La vicenda era avvenuta nell'aprile del 2013, alla piscina comunale di Fiorenzuola. L'allenatore era stato denunciato e rinviato a giudizio. La sentenza è attesa per dicembre

Secondo l’accusa avrebbe ripreso con una videocamera alcune ragazze sotto la doccia, secondo la difesa non ci sarebbe, invece, alcune reato. Si è avviato alla conclusione il processo nei confronti di un uomo, accusato di interferenze illecite nella vita privata. Per lui, il pm Giulio Massara, ha chiesto la condanna a un anno di reclusione senza alcun beneficio di legge. La difesa ha chiesto al giudice Ivan Borasi, invece, l’assoluzione, e in subordine la riqualificazione del reato in violenza privata.

La vicenda era avvenuta nell’aprile del 2013, alla piscina comunale di Fiorenzuola.

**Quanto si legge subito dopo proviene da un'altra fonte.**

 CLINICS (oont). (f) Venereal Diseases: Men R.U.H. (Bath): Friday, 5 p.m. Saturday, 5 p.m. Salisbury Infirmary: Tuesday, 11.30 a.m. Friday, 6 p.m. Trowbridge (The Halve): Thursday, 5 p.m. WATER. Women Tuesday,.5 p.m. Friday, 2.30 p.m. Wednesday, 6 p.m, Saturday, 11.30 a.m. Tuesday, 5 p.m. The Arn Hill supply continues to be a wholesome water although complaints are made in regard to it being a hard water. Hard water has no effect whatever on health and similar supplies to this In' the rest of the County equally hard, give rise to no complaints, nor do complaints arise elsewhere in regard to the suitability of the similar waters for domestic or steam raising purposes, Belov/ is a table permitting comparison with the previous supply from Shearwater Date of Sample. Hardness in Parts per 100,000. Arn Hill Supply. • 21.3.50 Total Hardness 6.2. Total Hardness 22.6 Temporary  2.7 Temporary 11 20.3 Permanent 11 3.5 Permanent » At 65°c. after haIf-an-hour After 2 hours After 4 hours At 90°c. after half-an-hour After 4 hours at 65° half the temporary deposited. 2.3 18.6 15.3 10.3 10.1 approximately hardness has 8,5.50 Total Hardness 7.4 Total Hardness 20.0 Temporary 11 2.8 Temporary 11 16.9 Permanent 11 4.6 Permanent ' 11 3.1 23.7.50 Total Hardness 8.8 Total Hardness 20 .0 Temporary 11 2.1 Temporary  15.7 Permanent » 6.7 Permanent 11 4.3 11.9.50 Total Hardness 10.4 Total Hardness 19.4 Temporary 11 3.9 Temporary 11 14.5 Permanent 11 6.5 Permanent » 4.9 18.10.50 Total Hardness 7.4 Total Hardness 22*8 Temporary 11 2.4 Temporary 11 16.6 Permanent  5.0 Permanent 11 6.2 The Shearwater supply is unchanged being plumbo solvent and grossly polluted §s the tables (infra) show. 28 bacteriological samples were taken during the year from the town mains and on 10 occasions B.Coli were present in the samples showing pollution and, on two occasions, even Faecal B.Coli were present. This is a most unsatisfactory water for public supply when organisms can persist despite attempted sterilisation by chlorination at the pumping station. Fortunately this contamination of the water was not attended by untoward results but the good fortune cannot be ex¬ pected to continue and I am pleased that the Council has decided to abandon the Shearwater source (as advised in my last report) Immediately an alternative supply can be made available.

Verso le 15, una delle donne che avevano appena terminato l’allenamento si era accorta che dalla feritoia del locale doccia spuntava una mano che impugnava una videocamera. Allarmata, la ragazza si era diretta verso le due colleghe che si stavano lavando, avvertendole. Le ragazze si erano rivolte all’impiegata, la quale era andata nel locale adiacente le docce, un ripostiglio, trovando un borsone aperto nel quale si vedeva una videocamera. I responsabili della piscina avevano avvertito i carabinieri, i quali avevano trovato il borsone e la videocamera.

In caserma, i carabinieri avevano visionato il contenuto, trovando sì immagini di allenamento, ma anche di scene di ragazze nude sotto la doccia, risalenti anche a giorni prima. L’allenatore era stato denunciato e rinviato a giudizio. La sentenza è attesa per dicembre.

Una delle donne riprese si era costituita parte civile, con l’avvocato Emiliano Lommi. Secondo il legale, il reato è stato commesso e anche la convivente dell’allenatore ha ammesso che la borsa e la videocamera erano dell’uomo. E la borsa era stata riconosciuta anche da altri testimoni. Lommi ha chiesto un risarcimento di 20mila euro.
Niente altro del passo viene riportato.